The proposal that was approved by the City Council on Thursday will replace Rikers Island with four drastically smaller jails in four of the largest boroughs: Manhattan, Brooklyn, Queens and the Bronx. For the system’s own victims and survivors, the vote to abolish Rikers Island was a sweeping victory. 

“One of the most important things to acknowledge is the city's going to go from 15,000 beds to 3,800 beds. So when we talk about decarcerating, that's huge. You’re also talking about improving conditions for anyone who's going to be remanded. We deserve improved conditions. People deserve improved conditions, because we know people are still going to be left behind on Rikers and we can't let that happen,” explained Vidal Guzman, who himself was tried at 16 as an adult and sent to prison upstate before landing in Rikers Island for nearly four years of his seven-year bid.

Yet, not everyone marching on Thursday was happy about the vote. Many abolitionists fear the building of more jails simply feed into our country’s history of punitive punishment.
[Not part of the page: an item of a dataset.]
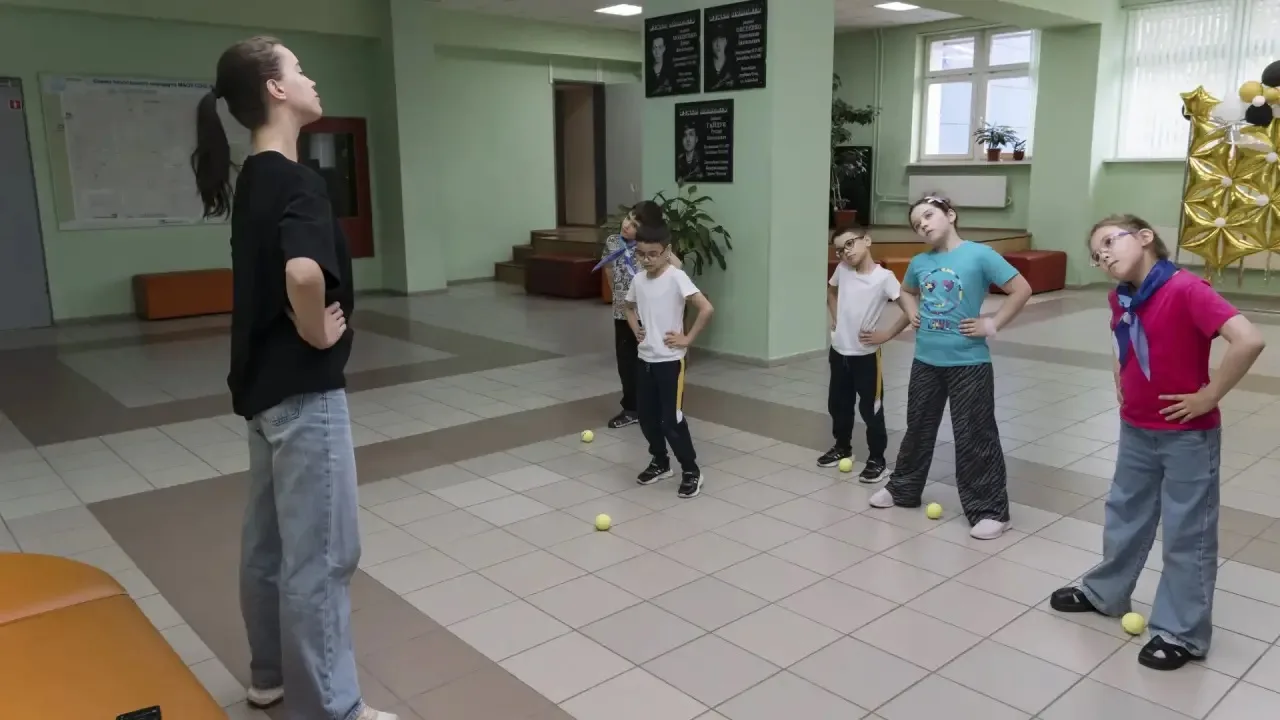 Лето с пользой продолжается...

Сегодня педагоги Центра детского творчества провели познавательные м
Guzman, who is a member of the JustLeadershipUSA and has dedicated his life to prison reformation since coming back into society, rejects that school of thought.

“If we're thinking about abolitionists, we have to make sure that we're pulling from the system from every single way,” he said. “We can't forget that because remand is not gonna end tomorrow, people are still going to be left behind. We shouldn't be leaving anyone behind in no condition that is not an improved condition. These facilities were never built for making sure social services are operating. And I've been in these facilities, so let's improve conditions.”

Guzman echoes the sentiments of many. One protester by the name of Anna Pastoressa braved the windy chill on behalf of her son, Jairo Pastoressa, who sat in Rikers Island for six years without trial. 

“I've been going to Rikers Island for six years, every weekend, visiting my son who was in prison there waiting for trial. He was denied his constitutional rights and, of course, he never got a trial.” 

Jairo, an East Village graffiti artist of Brazilian descent, is out today, but not without “the very deep scars that left him with PTSD.” 

“This is a punitive society. We need to change the narrative. We need to help people,” Anna doubled down. “A lot of the people who end up in jail or arrested is because they don't have resources in their neighborhoods and that happens to a lot of people of color. People who don't have money, because the really privileged – who are the real criminals – are not in prison. 

“People need to understand that Rikers Island is a detention center, it is not a place where you are convicted. 70 or 80 percent of the people there are waiting for trial. The law says that you are innocent until proven guilty. So why are they treating them like guilty people? Not even an animal. You talk to animal lovers and animal activists—you cannot even treat an animal like that.”

Mayor Bill de Blasio’s vote to officially close Rikers after years of dismissing the idea will usher in new laws that ban cash bail for people charged with misdemeanors and nonviolent felonies, and for Guzman, that’s a step in the right direction no matter which way you slice it. 

“Because of our advocacy work, on January 1, 2020, we're going to have 9,000 people coming home from New York state.”